In an address Monday at Atlanta’s Booker T. Washington High School, while discussing the importance of education, first lady Michelle Obama shared with the students “some insights” that rich kids already possess.
“Do you hear what I’m telling you? Because I’m giving you some insights that a lot of rich kids all over the country – they know this stuff, and I want you to know it, too. Because you have got to go and get your education. You’ve got to,” Michelle Obama said.
The first lady’s address to the students was part of a back-to-school “prep” rally with U.S. Department of Education Secretary Arne Duncan and other administration officials.
Mrs. Obama told students they should prepare for college now, and learn how to “rally when you get knocked down along the way,” in the way that she did.
Her speech was interrupted when one of the students fainted, to which Mrs. Obama responded, “And that’s what the second part of this prep rally is about – it’s about rallying when things go wrong.”
After checking to see if the student was “okay,” Mrs. Obama recommended to the students, “Sometimes standing up – if anybody is starting to feel tired standing up, bend your knees – and eat your breakfast and lunch.”
And there are going to be plenty of times, you guys – have you dealt with situations where you just feel like you want to give up? Like it’s just too hard? Like everything is going wrong, you don’t have the support you need; that every time you try, you get something right, something else happens – right? You think that’s never happened to me?
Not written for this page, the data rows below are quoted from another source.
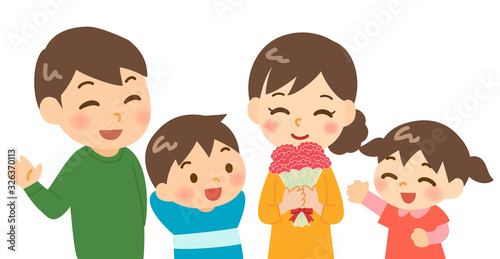 母の日　笑顔の家族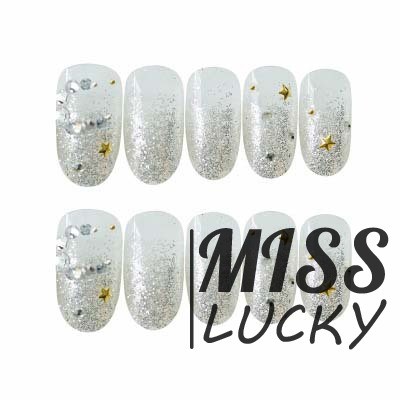 Móng tay giả họa tiết ngôi sao phối kim tuyến độc đáo làm nail chuyên nghiệp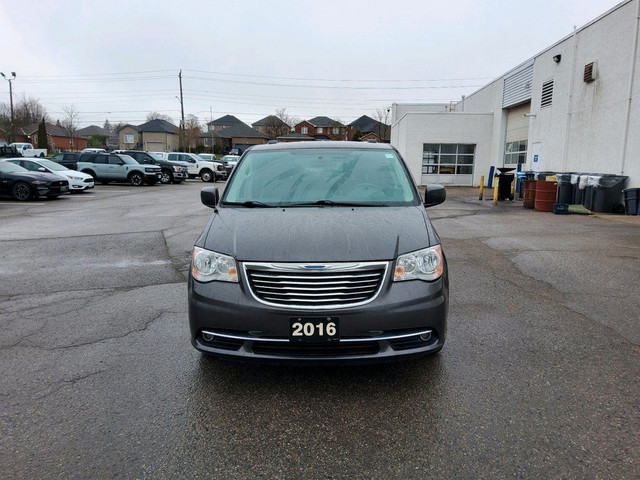  2016 Chrysler Town & Country Touring in Cars & Trucks in Peterborough - Image 2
You think somebody like me has never had any problems?
Well, let me tell you, I still remember how one of my high school counselors told me that I shouldn’t apply to Princeton. They told me I would never make it there, that I was setting my sights too high – can you believe that? She told me, don’t bother.
She said that she worked on getting good grades, participated in activities, and gathered recommendations from her teachers.
“And in the end, I ended up showing that counselor just how wrong she was – because look at where I am right now,” she said as the students applauded.
Mrs. Obama continued by stating that some of the students might live in very difficult neighborhoods “where you have to watch your back even – every time you leave the house.”
She described various challenging situations inner city students might face, such as being made fun of, not having parental supervision, financial problems, or loss of loved ones to gun violence or drugs, and acknowledged these circumstances are difficult for anyone to cope with, but especially for a young person “still trying to grow up.”
The first lady told the students that those challenging situations could make them better college material than young people who have it easy.
“And let me tell you something – here is the secret to what you all have that a lot of other kids don’t – a lot of you already have that kind of grit, because all the challenges you’re facing right now at home, in your neighborhood, those experiences are making you tougher,” Mrs. Obama said. “They’re making you stronger. Those are advantages. They’re not disadvantages. And now that – you’ve got to just learn how to use that grit to help you get to and through college. It’s the same determination – you already have it.”